Im Januar 2019 schlug die ECHA außerdem eine weitreichende Beschränkung von Mikroplastik in Produkten vor, die in der EU in Verkehr gebracht werden. Damit sollte die Freisetzung von Mikroplastik in die Umwelt vermieden bzw. verringert werden. Der Vorschlag der ECHA soll nun Anfang 2021 der Kommission vorgelegt werden.
Die Kommission wird auf dieser Grundlage einen Vorschlag zur Änderung des Verzeichnisses der Stoffe mit eingeschränkter Verwendung gemäß Anhang XVII der REACH-Verordnung erarbeiten und den EU-Mitgliedstaaten zur Abstimmung vorlegen. Bevor die Beschränkung angenommen werden kann, muss sie dann vom Europäischen Parlament und vom Rat geprüft werden.
Weitere Rechtsvorschriften mit Bezug zu Nanomaterialien, insbesondere zur Kennzeichnung, sind jeweils in der Lebensmittelinformationsverordnung, der Kosmetikverordnung, der Biozidverordnung und der Medizinprodukteverordnung zu finden.
Leider lassen sich nach Angaben der ECHA Nanoplastikpartikel, die kleiner als 100 nm sind, mit den derzeit verfügbaren Analysemethoden in Endprodukten nicht erkennen. Somit finden bislang auch keine zufriedenstellenden Kontrollen statt.
Laut Umweltbundesamt besteht definitiv das Risiko einer unerwünschten Wirkung auf die verschiedenen Ökosysteme: „Eine potentielle Gefährdung ist dabei am ehesten bei gezielt in die Umwelt eingebrachten nanoskaligen Produkten anzunehmen. Es können jedoch auch durch Abnutzungs- oder Auswaschungsprozesse in einer Matrix gebundene Nanomaterialien aus Produkten in die Umwelt gelangen. Anhaltspunkte hierzu geben zum Beispiel Schweizer Untersuchungen, die zeigen, dass Titandioxid-Partikel in Fassadenanstrichen, die dort zur Selbstreinigung der Oberflächen führen sollen, von Hausfassaden ausgewaschen werden und so in den Boden oder in Gewässer gelangen können. Auch in Verbraucherprodukten enthaltene Nanomaterialien könnten die Umwelt belasten (https://www.umweltbundesamt.de/nanopartikel). “
Da wir die Auswirkung von Nanopartikeln auf Flora und Fauna noch nicht im Detail kennen, sehe ich gegenwärtig in jedem Falle die Gefahr, dass Nanopartikel nicht nur die ursprünglichen Verbraucher*innen schädigen. Hier besteht meiner Meinung nach dringender Forschungs- und Reglementierungsbedarf.

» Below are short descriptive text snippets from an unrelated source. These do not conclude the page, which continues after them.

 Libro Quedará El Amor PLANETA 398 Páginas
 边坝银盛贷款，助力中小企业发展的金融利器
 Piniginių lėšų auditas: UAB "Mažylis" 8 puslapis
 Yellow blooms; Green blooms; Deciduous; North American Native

Auf jeden Fall hoffe ich, dass sich interessierte und besorgte Bürger*innen wie Sie auch weiterhin auf EU, nationaler oder regionaler Ebene mit politischen Herausforderungen auseinandersetzen – sei es im politischen, ökonomischen, sozialen oder umweltpolitischen Bereich. Denn nur mit Anfragen und Aufrufen wie Ihrem können wir politisch zu einer besseren gesellschaftlichen Entwicklung beitragen.